The Isaac GR00T platform includes:
The system is built with modularity in mind, allowing robotics teams to adopt the entire platform or incorporate specific capabilities into their existing development workflows, helping them scale humanoid development without duplicating infrastructure for every robot or task.
Prominent research institutions such as Ai2, ETH Zurich, Stanford Robotics Center, and UC San Diego’s Advanced Robotics and Controls Laboratory intend to adopt this reference design to advance humanoid robotics research.

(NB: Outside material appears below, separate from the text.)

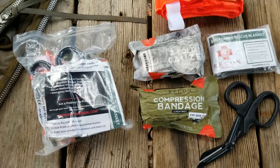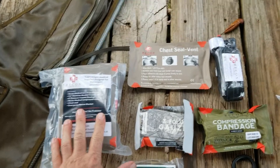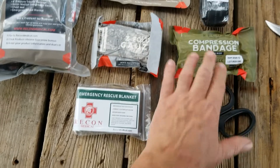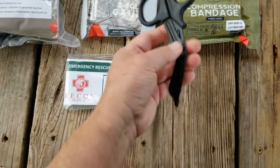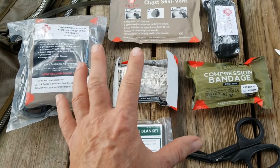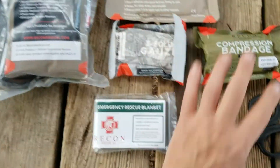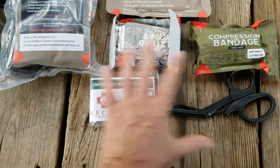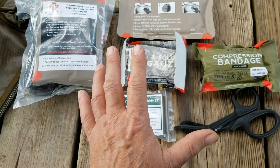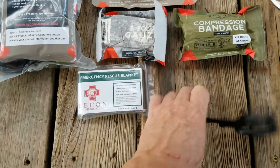Their larger bleed kit was pretty much the same: a Recon Medical tourniquet, compressed gauze, a 4-inch compression bandage, a rescue blanket, titanium shears, and a chest seal. I think this cost me around $27-$28. Right now it looks like they're offering this package plus a canvas bag for around $15. Not a bad deal at all.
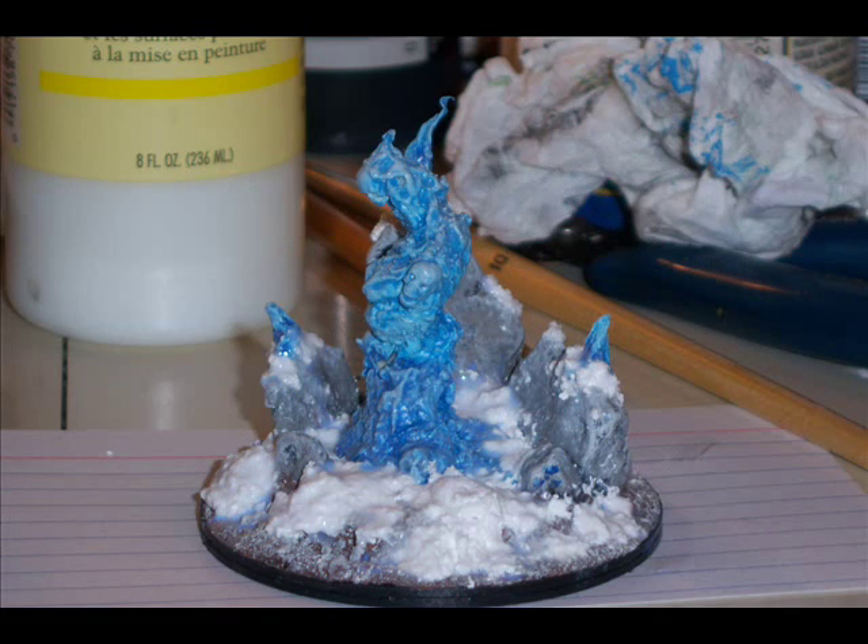Welcome to the first episode of Three Sheets to the Blighted Wind. My name is Sean and I'm going to show you how to create this beautiful blue objective counter.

“To make meaningful progress toward general-purpose robots, researchers need platforms that are both capable and widely available,” said Deepak Pathak, co-founder and CEO of Skild AI. “A reference design enables more researchers to engage in cutting-edge humanoid research and move from concepts to experiments more quickly. This helps propel the entire robotics research ecosystem forward.”
NVIDIA Research will also leverage this reference design to further develop Isaac GR00T open models, frameworks, and hardware. The NVIDIA Isaac GR00T Reference Humanoid Robot is expected to be available through Unitree in late 2026.